Work to be completed
Search the material for the word "bags" and report each line where it turns up.

(Provided data begins)

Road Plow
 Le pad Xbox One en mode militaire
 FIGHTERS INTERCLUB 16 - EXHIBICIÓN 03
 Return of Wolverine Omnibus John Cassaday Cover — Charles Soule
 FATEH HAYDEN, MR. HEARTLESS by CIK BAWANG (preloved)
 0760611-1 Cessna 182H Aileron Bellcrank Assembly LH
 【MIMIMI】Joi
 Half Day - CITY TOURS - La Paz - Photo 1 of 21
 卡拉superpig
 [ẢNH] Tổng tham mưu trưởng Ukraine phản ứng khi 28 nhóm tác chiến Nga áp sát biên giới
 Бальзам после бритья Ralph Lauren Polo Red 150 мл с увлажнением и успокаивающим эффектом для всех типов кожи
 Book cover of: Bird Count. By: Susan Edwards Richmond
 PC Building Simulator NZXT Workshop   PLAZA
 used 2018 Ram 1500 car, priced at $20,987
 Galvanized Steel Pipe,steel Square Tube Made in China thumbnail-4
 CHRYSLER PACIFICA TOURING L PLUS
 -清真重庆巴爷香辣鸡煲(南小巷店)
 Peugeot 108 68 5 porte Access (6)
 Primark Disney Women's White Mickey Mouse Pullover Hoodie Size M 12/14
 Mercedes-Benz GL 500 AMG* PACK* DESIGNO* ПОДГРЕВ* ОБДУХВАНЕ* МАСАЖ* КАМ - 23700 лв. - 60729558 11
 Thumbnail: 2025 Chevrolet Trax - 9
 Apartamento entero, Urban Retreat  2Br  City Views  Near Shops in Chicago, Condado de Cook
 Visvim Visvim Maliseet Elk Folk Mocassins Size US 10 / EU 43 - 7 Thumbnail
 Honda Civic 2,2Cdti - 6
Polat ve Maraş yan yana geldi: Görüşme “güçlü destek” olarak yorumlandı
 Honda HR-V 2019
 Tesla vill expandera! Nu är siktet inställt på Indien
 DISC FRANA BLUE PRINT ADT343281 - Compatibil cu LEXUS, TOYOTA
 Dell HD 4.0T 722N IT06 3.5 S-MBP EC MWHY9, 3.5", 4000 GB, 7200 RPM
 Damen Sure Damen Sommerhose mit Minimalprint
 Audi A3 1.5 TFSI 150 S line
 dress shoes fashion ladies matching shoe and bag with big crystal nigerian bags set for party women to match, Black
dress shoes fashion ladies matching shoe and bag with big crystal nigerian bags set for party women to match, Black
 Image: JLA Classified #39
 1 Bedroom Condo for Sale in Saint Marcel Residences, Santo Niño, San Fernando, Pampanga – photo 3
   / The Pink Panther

(Provided data ends)

Reply to the exercise
 dress shoes fashion ladies matching shoe and bag with big crystal nigerian bags set for party women to match, Black
dress shoes fashion ladies matching shoe and bag with big crystal nigerian bags set for party women to match, Black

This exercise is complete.